> _EXERCISE_:
The full listing, written out exactly and without images, is the expected result.
[Opening SUPPLIED DATA section]
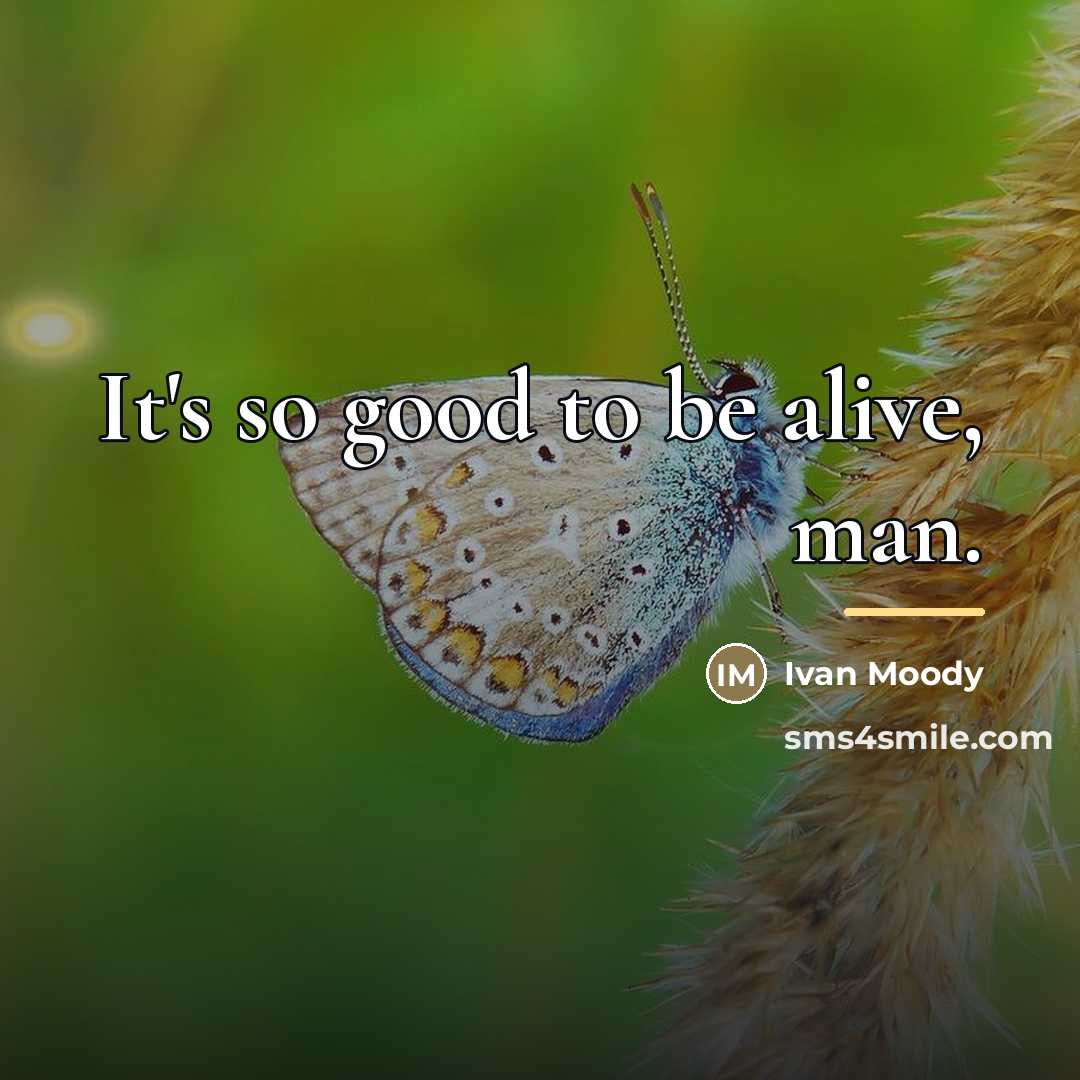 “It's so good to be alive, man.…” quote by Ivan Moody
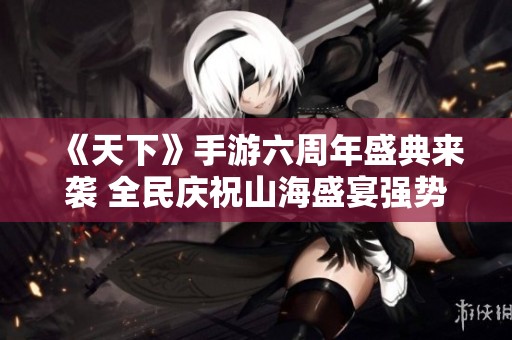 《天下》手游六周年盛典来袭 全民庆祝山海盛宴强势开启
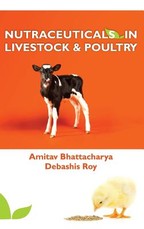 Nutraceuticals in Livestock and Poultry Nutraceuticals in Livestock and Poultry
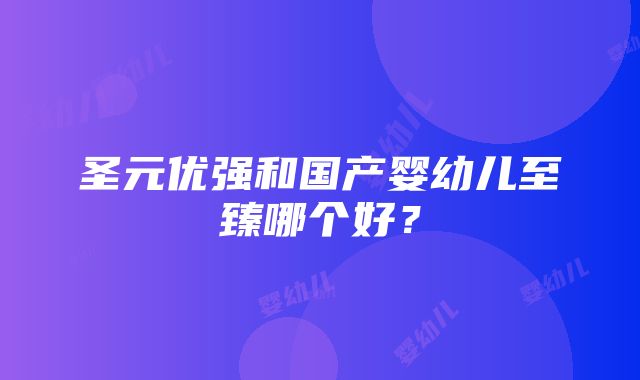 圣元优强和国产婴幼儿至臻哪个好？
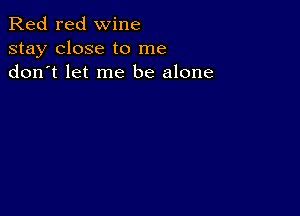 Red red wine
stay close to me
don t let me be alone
[Closing SUPPLIED DATA section]
> _RESPONSE FOR THIS EXERCISE_:
 “It's so good to be alive, man.…” quote by Ivan Moody
 《天下》手游六周年盛典来袭 全民庆祝山海盛宴强势开启
 Nutraceuticals in Livestock and Poultry Nutraceuticals in Livestock and Poultry
 圣元优强和国产婴幼儿至臻哪个好？
 Red red wine
stay close to me
don t let me be alone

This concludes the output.